Essas medidas foram apresentadas em janeiro, meio ano depois de o governo Erdogan ter sobrevivido a uma tentativa de golpe militar. Mas, como não obteve a maioria de dois terços do Parlamento requerida para alterar a Constituição, o presidente convocou o plebiscito.

Para vencê-lo, Erdogan precisa do apoio da comunidade turca que mora fora do país – cerca de 4,6 milhões de pessoas no oeste europeu. Daí veio a ideia de fazer comícios no país dos outros.

Quando a tática foi rechaçada pelo governo holandês, Erdogan não freou a língua. Disse que os holandeses estavam se comportando como nazistas – o mesmo insulto que dirigiu à Alemanha, uma semana antes, quando autoridades do país impediram o ministro do Exterior turco de fazer dois comícios.

A subida de tom beneficia Erdogan. As rusgas com outros países costumam inspirar sentimentos nacionalistas e uma certa nostalgia pelo passado em que o império turco-otomano dominava boa parte da Europa.

Uma tranca para a sociedade aberta?

O que não é muito claro é por que a Holanda se deixou levar pela retórica anti-Islã. Sim, existe um político que subiu nas pesquisas com um lema de “Vamos fazer a Holanda ser nossa de novo”. Mas é altamente improvável que ele consiga tomar o poder.

Há 28 partidos disputando cadeiras no Parlamento. Nenhum deles tem uma liderança pronunciada. Isso significa que o próximo primeiro-ministro será aquele que tiver habilidade para formar uma coalizão de governo. Em geral, a prerrogativa é do líder do partido que obtiver mais votos, mas a maioria dos partidos já deixou claro que não negociará com Wilders.

Na véspera da eleição, algumas pesquisas indicavam que Rutte tinha assumido a liderança e conseguiria… cerca de 20% dos votos. Os outros 30% para atingir a maioria parlamentar teriam que ser obtidos pela negociação.

Também há sinais claros de que a retórica anti-Islã não mexe tanto assim com os holandeses. Até poucos dias atrás, mais da metade dos eleitores ainda estava indecisa. Embora a questão da imigração chame a atenção mundial, a integração de refugiados é apenas o nono item na lista de preocupações dos cidadãos. O primeiro é o sistema de saúde; o segundo é o seguro social; e apenas o terceiro tem algo a ver com sentimentos xenófobos (o combate ao terrorismo).

Em boa parte, a mudança do humor holandês em relação à diversidade religiosa – especificamente o islamismo – vem do assassinato do cineasta Theo Van Gogh, bisneto do irmão de Vincent Van Gogh, em 2004.

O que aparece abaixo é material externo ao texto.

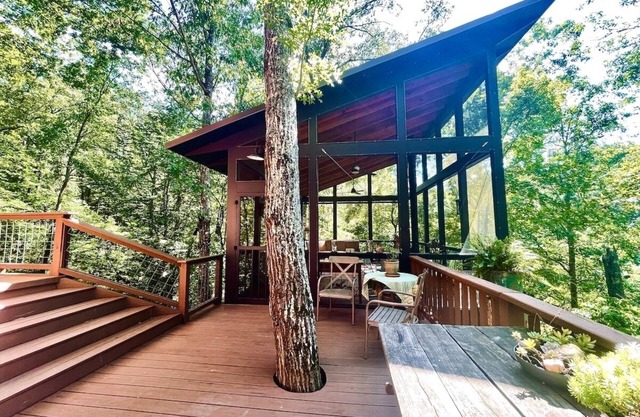 The Grace, Peaceful Escape by Velvet Ditch Villas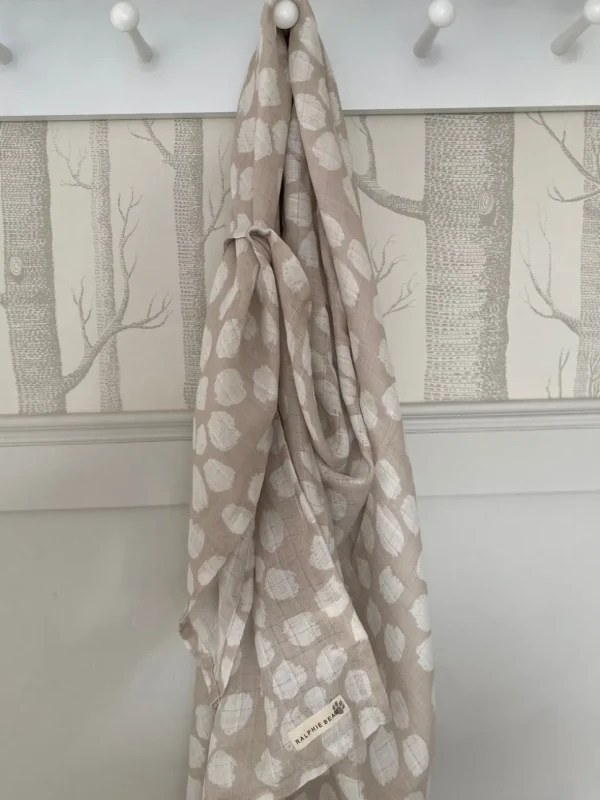 Ralphie Bear Large Swaddle - Scallop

Theo era um ativista de esquerda contra as religiões, especialmente contra o que chamava de opressão do islamismo às mulheres. Foi assassinado a tiros por um jovem de origem de marroquina, quando andava de bicicleta.

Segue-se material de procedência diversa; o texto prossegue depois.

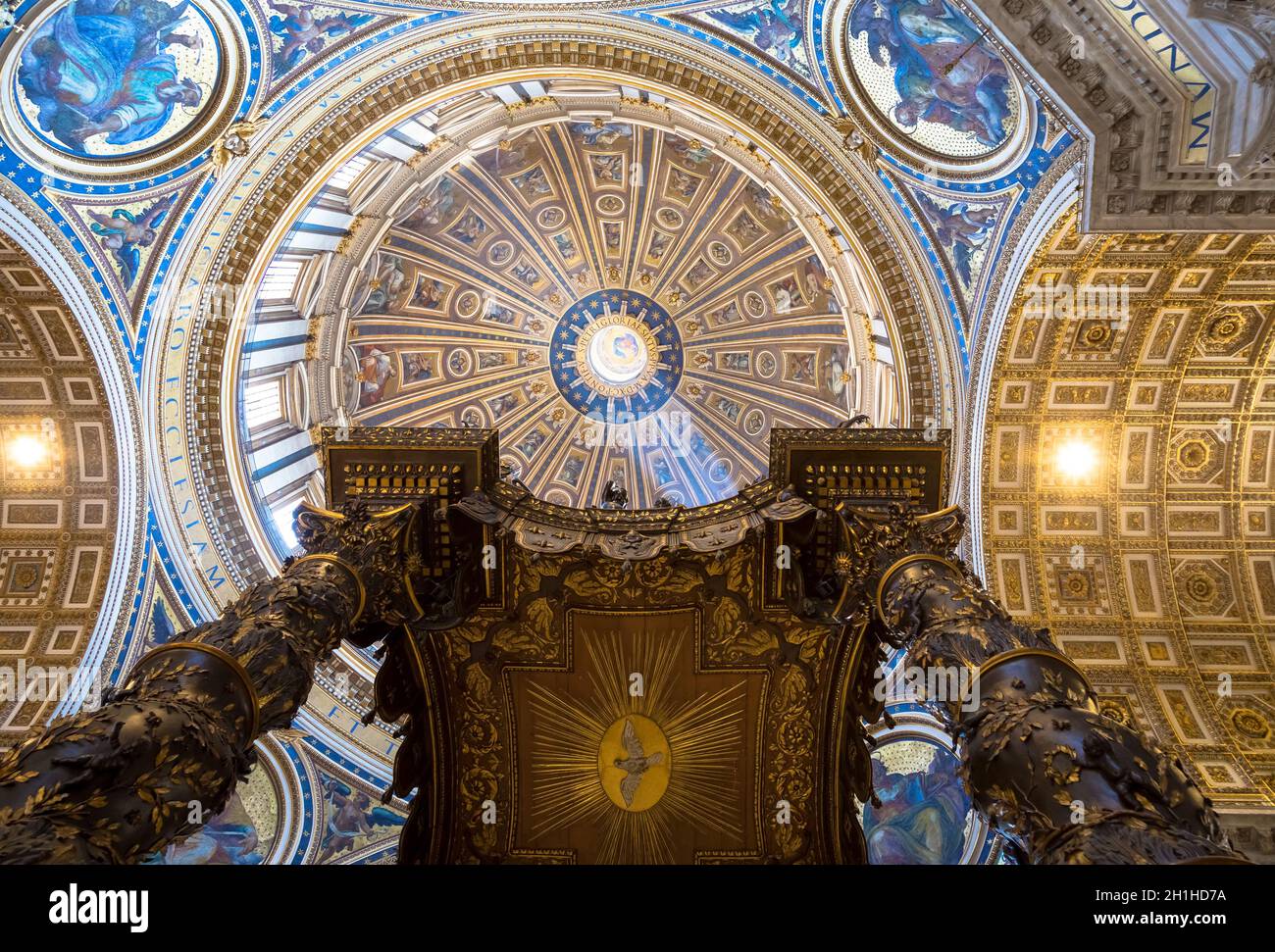 Rom, VATIKAN - 24. August 2018: Innenraum von St. Peter Basilika mit Kuppel detail Stockfoto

A partir dali, cresceu o sentimento de que a comunidade muçulmana representa uma ameaça à sociedade aberta que caracteriza a Holanda. Isso explica a ascensão de Wilders, cuja mensagem principal é de que “a Holanda tem sido tolerante demais com gente intolerante”.

Há uma tese razoavelmente disseminada em ciência política de que duas democracias não entram em guerra. É curioso, portanto, que o tom entre Holanda e Turquia (que pelo menos por enquanto ainda pode ser considerada uma democracia) tenha se tornado tão beligerante justamente porque seus políticos estão atrás de votos.